Someone is killing Spider-Men across the multiverse and Doc Ock, as Superior Spider-Man, is trying to recruit as many of them as he can to fight the murderer. This issue expands on how the dark and gritty 1930’s Spidey came into his service while also being a great introduction to the character himself. Having the original writers of the Spider-Man Noir title deliver this story is perfect and a great way to start things off.
Hine and Sapolsky haven’t missed a step as we see the Magnificent Mysterio coveting the Blood of Anasi which runs through Peter’s veins. Believing it will give him the power he deserves as he’s tired of wasting his talents. So with the Kingpin’s help he’s going to do just that as the two kidnap Felicia Hardy and plan a public execution under the guise of one of Mysterio’s stage shows. That is, unless The Spider-Man shows himself and makes a blood sacrifice.
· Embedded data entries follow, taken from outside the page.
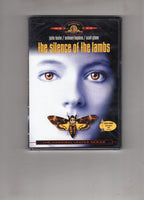 Silence Of The Lambs DVD Jodie Foster Anthony Hopkins New Sealed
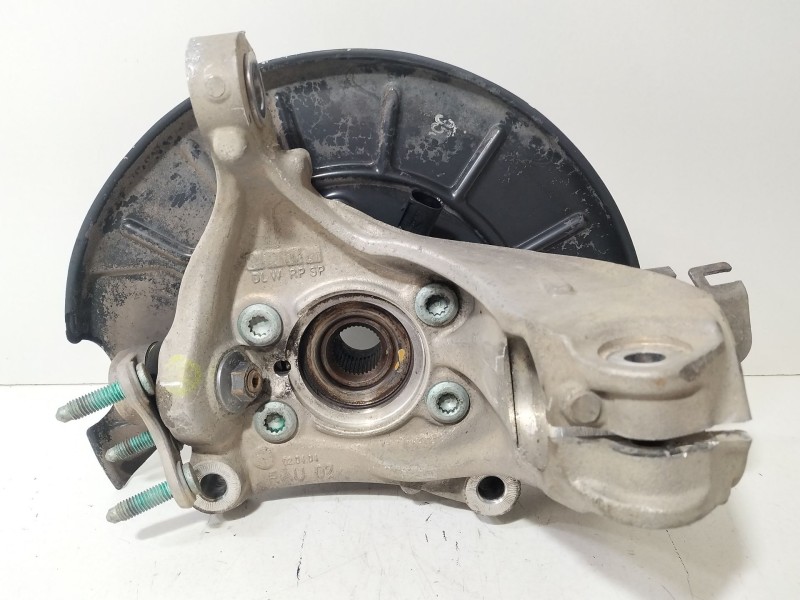 Recambio de mangueta delantera izquierda para volkswagen passat b6 (3c2) 2.0 tdi referencia OEM IAM 3C0407257F  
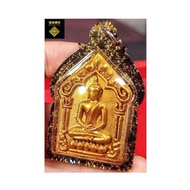 泰国佛牌 超级人缘至尊坤平佛 PHRA KHUN PAEN ROON BURAPHA 2 PHAEN DIN 师傅: LP TEUANG/LP SIN 庙名: WAT LAEM PO 佛历: 2561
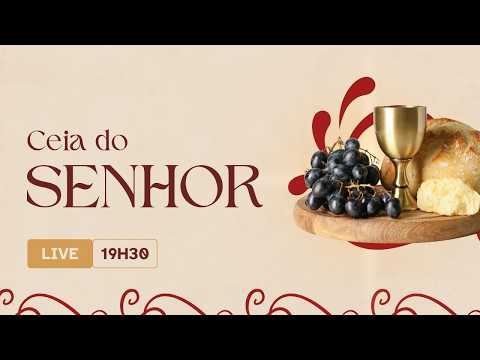 Culto Ceia do Senhor | Pr. Leonardo | 11.10.2026 | PIB em Barra de Guabiraba está ao vivo!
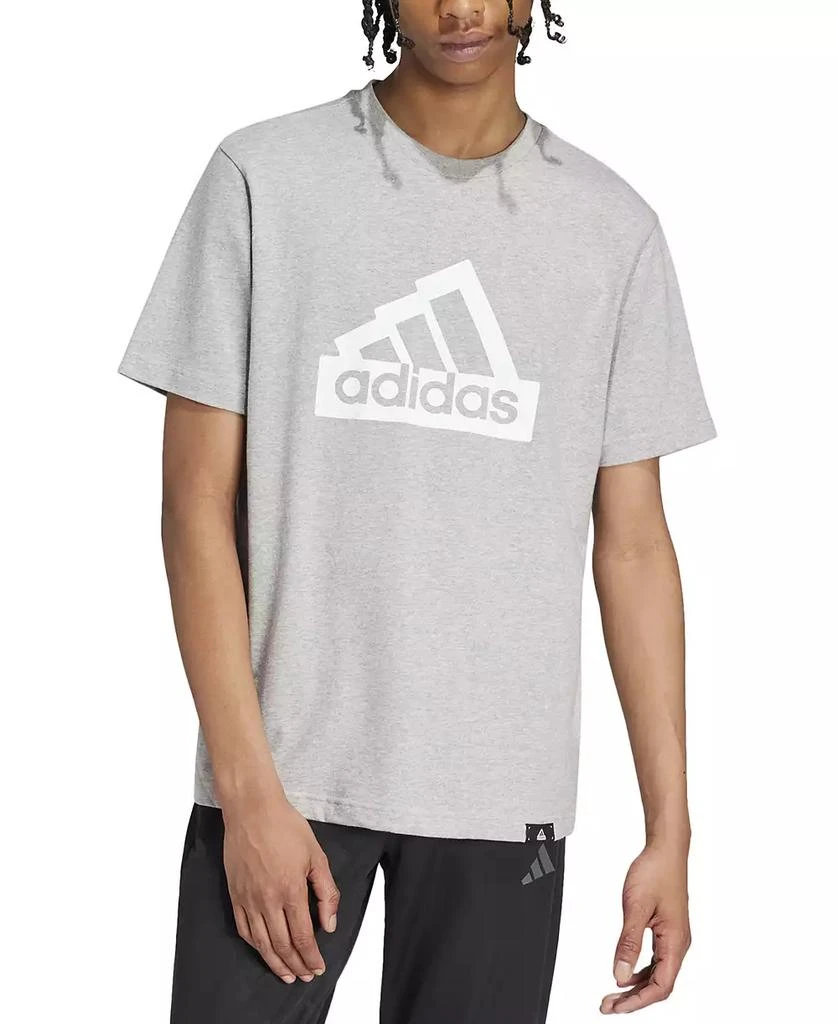 商品Adidas|Men's Modern Essentials Regular-Fit Logo Graphic T-Shirt,价格¥134,第1张图片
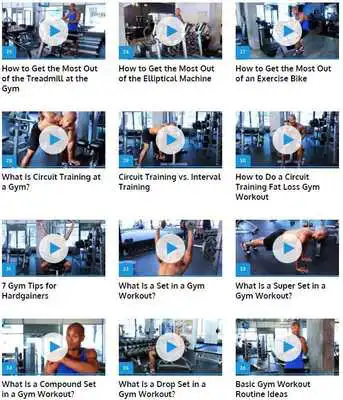 Play Gym Workout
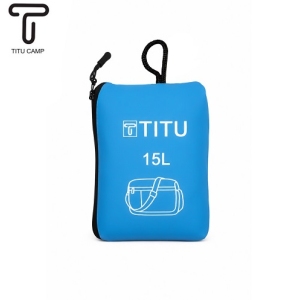 کیف جمع شو Titu camp Compact 15L تیتوکمپ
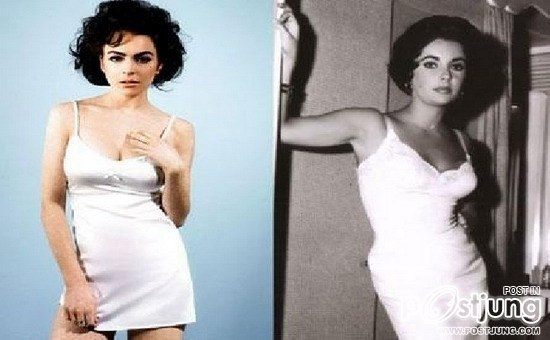 "ลินด์ซีย์ โลฮาน" ในบทบาทดาวค้างฟ้า "อลิซาเบธ เทย์เลอร์"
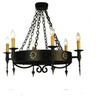 111562 Mid. Chandeliers-Candle - 484009 - Capital Lighting, Inc.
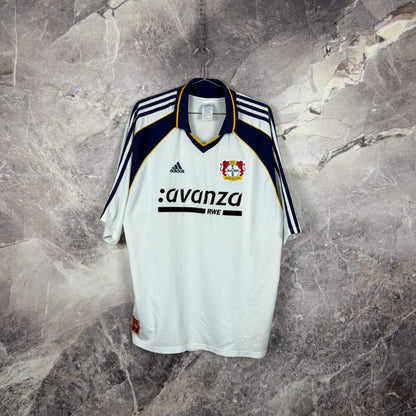 Bayer Leverkusen 2000-2001 Away Jersey — Ballack #13 2XL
If you were a fan of the Spider-Man Noir series then everything about this issue will make you miss that. The writers deliver a solid story that gives you familiar faces all in an environment that fits them. Kingpin is essentially the same gangster type of character though Isanove slightly adjusts the character’s look. Mysterio as a stage magician fits perfect as does his motive to trap Spider-Man. The entire look of the issue is nailed by Isanove as your eyes move from panel to panel. The visual change to Kingpin actually helped shift the focus to Mysterio when they were in panel together and let this really be his show. Mysterio’s look share’s certain elements of his 616 appearance and there’s even a larger nod to it if you pay close attention.
Spider-Verse is going to incorporate several versions of the Webslinger and issues like this are helpful in getting acclimated with them. New readers can feel comfortable knowing they just won’t be thrown into an event with little information while those that are more familiar can just enjoy a great story and artwork.